Tsechpenakis Gabriel, Lujan Brandon, Martinez Oscar, Gregori Giovanni, Rosenfeld Philip J
Dept. of Electrical and Computer Engineering, University of Miami, USA.
Med Image Comput Comput Assist Interv. 2008;11(Pt 1):883-91. doi: 10.1007/978-3-540-85988-8_105.
We present a geometric deformable model driven by dynamically updated probability fields. The shape is defined with the signed distance function, and the internal (smoothness) energy consists of a C1 continuity constraint, a shape prior, and a term that forces the zero-level of the shape distance function towards a connected form. The image probability fields are estimated by our collaborative Conditional Random Field (CoCRF), which is updated during the evolution in an active learning manner: it infers class posteriors in pixels or regions with feature ambiguities by assessing the joint appearance of neighboring sites and using the classification confidence.
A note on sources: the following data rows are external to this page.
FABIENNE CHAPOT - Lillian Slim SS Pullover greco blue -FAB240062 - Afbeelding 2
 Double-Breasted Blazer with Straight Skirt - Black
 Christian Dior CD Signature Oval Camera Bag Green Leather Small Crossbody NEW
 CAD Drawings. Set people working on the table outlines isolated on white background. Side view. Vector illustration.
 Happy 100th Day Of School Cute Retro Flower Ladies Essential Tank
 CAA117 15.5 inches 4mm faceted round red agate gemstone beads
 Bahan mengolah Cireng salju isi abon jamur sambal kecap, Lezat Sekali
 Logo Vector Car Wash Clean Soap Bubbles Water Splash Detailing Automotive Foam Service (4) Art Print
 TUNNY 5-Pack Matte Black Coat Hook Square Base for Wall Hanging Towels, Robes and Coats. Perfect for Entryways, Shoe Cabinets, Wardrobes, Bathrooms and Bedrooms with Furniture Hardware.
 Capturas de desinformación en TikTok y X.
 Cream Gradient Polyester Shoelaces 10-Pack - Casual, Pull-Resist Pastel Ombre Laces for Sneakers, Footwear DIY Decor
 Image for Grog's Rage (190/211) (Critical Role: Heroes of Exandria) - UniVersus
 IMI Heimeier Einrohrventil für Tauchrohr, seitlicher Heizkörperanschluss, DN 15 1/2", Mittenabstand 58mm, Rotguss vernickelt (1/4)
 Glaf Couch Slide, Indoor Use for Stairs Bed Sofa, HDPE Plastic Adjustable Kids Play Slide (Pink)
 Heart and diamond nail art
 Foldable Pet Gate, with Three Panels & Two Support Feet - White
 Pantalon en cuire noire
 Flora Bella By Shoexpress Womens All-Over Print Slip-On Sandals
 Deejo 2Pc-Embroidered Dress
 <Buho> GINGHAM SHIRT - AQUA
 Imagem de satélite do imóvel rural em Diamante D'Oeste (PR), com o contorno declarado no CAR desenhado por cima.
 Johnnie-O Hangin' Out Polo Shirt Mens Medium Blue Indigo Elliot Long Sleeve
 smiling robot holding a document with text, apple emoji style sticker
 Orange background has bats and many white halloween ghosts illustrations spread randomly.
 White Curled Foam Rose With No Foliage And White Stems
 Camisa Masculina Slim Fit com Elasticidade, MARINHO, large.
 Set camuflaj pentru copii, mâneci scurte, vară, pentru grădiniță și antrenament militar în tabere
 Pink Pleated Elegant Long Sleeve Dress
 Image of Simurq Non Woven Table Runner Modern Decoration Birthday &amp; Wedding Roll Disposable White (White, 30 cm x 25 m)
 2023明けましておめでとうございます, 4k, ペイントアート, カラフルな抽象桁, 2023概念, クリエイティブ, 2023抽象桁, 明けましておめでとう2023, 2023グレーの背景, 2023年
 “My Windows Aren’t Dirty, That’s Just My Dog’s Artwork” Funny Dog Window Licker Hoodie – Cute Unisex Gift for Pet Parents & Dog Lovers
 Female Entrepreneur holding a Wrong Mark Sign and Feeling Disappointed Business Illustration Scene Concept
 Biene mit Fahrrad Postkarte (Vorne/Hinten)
We apply our method to Optical Coherence Tomography fundus images for the segmentation of geographic atrophies in dry age-related macular degeneration of the human eye.
我们提出了一种由动态更新概率场驱动的几何可变形模型。形状由符号距离函数定义,内部(平滑)能量包括C1连续性约束、形状先验以及迫使形状距离函数的零水平趋向连通形式的一项。图像概率场由我们的协作条件随机场(CoCRF)估计,它在演化过程中以主动学习的方式进行更新:通过评估相邻位置的联合外观并使用分类置信度,推断具有特征模糊性的像素或区域中的类别后验概率。我们将我们的方法应用于光学相干断层扫描眼底图像,用于分割人眼干性年龄相关性黄斑变性中的地图样萎缩。